Webhook signing: why we use HMAC over JWT

Two ways to sign webhooks. Both are fine. We picked HMAC.

JWT: the webhook body is wrapped in a JWT signed with a per-tenant secret. Receiver verifies the JWT and trusts the body inside.

HMAC: the webhook body is sent as-is, with a separate header containing an HMAC-SHA256 of the body keyed by the per-tenant secret. Receiver re-computes the HMAC and compares.

HMAC wins for our use case for three reasons:

  1. Receivers can log + replay raw bodies. JWT's base64-wrapping means logs need to decode before they're useful.
  2. HMAC is faster on the receiver.
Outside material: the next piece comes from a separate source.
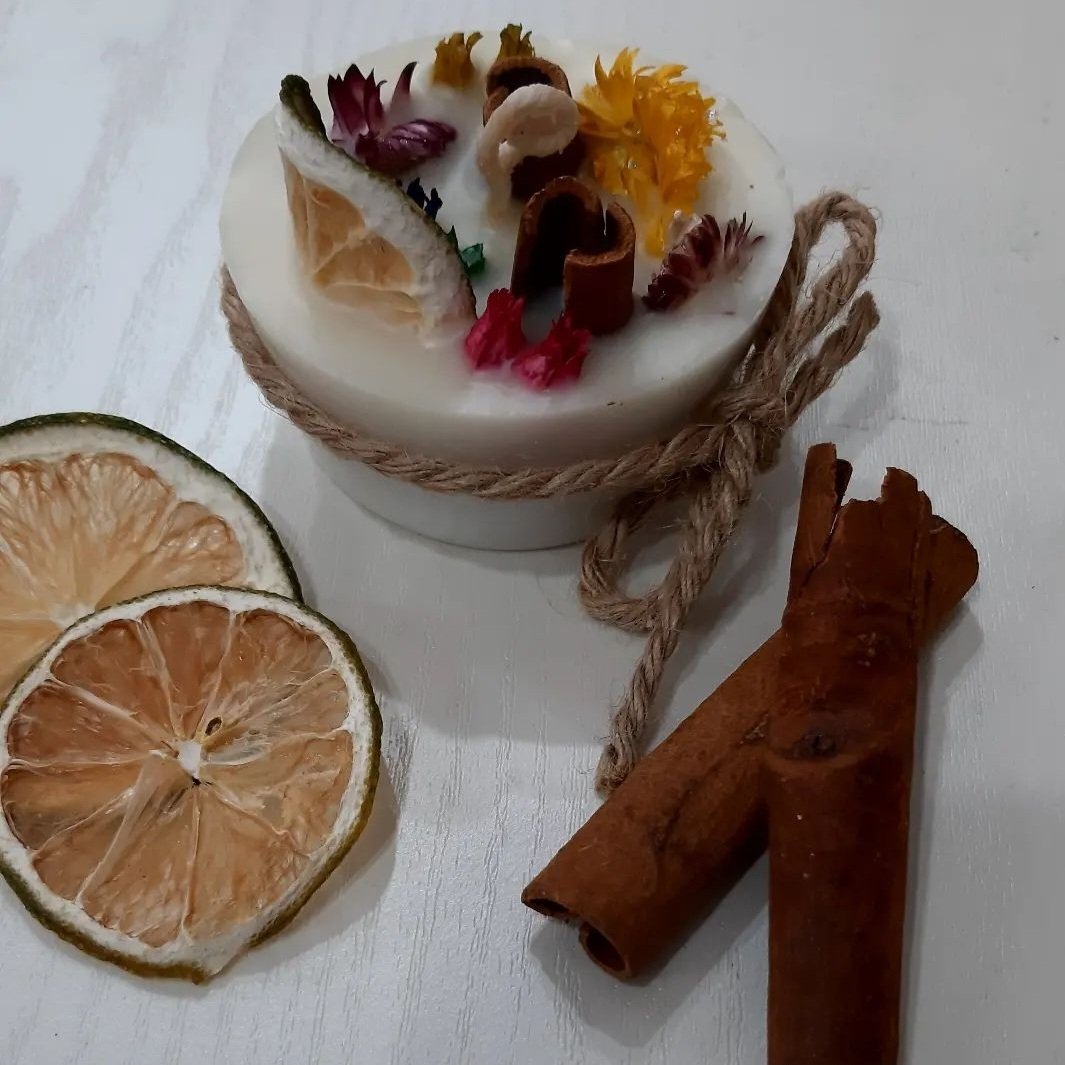 شمع قالبی سفید با تزیینات مختلف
No JWT library, no parsing — just a hash + constant-time compare.
  3. Less to get wrong. JWT's alg-confusion attacks are well-known. Plain HMAC has fewer footguns.

The downside: HMAC headers feel more “ad hoc” to some platforms. We compensate with clear docs and an SDK helper that does the verification in one call. Stripe-style, basically.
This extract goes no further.